ITV’s Flesh and Blood reminds me that even clichés can be very watchable

Basically, the moment you clap eyes on Imelda Staunton’s Mary, you just know – alert, alert! – she’s the mousey neighbour from hell.

By Rachel Cooke

In Sarah Williams’ drama Flesh and Blood (24 February, 9pm), Imelda Staunton plays a woman called Mary who’s a dab hand with the pinking shears. Mary may, I think, be somewhat familiar to you; she certainly was to me. She’s Barbara Covett in Zoë  Heller’s novel, Notes on a Scandal, or Nora Eldridge in Claire Messud’s The Woman  Upstairs. Basically, the moment you clap eyes on her, you just know – alert, alert! – she’s the mousey neighbour from hell, a timid but icily determined creature who is overly involved with the lives of the seemingly perfect family she watches with binoculars from her kitchen window.

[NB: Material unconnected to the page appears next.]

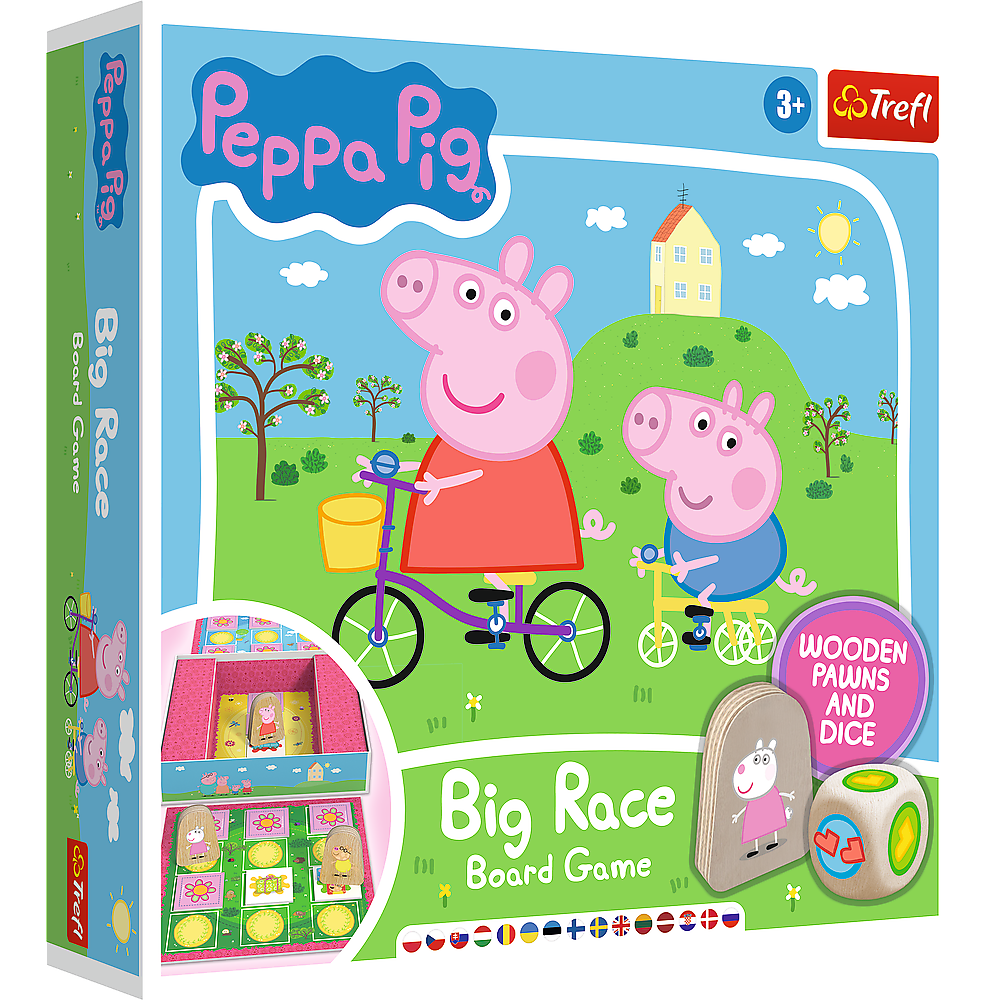 Peppa Pig TREFL  Žaidimas „Kiaulytė Pepa: didžiosios lenktynės“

When you hear Mary shout “coo-eee!” as she barges in uninvited, you feel vaguely sick – and not only because, inevitably, she’ll be carrying a plate of something sugary she baked earlier (Mary uses an icing bag the way other people use a splatter gun loaded with weedkiller).

What I’m trying to say is that Mary is a  bit of a cliché. But is she also, therefore, a  red herring? Given that you may be planning to binge on Flesh and Blood on catch-up some time very soon, I won’t answer this question. Suffice to say that even clichés can be very watchable, especially when performed by Staunton. While Francesca Annis plays the part of her gorgeous friend and next-door neighbour, Vivien, as if she’s just left a hot yoga class and is in need of an Americano and some smelling salts – floppy is the adjective I’m looking for – Staunton is all repressed energy, a bagatelle ball waiting to be released. Her smile is as intensely sweet as her cakes – and then, in an instant, it’s a dagger, glinting in the sun. And what a lot of sun there is. She and Vivien live on a beach, and you’ve never seen the south coast look so paradisiacal. It’s like California, only with more alcohol and crummier bathrooms.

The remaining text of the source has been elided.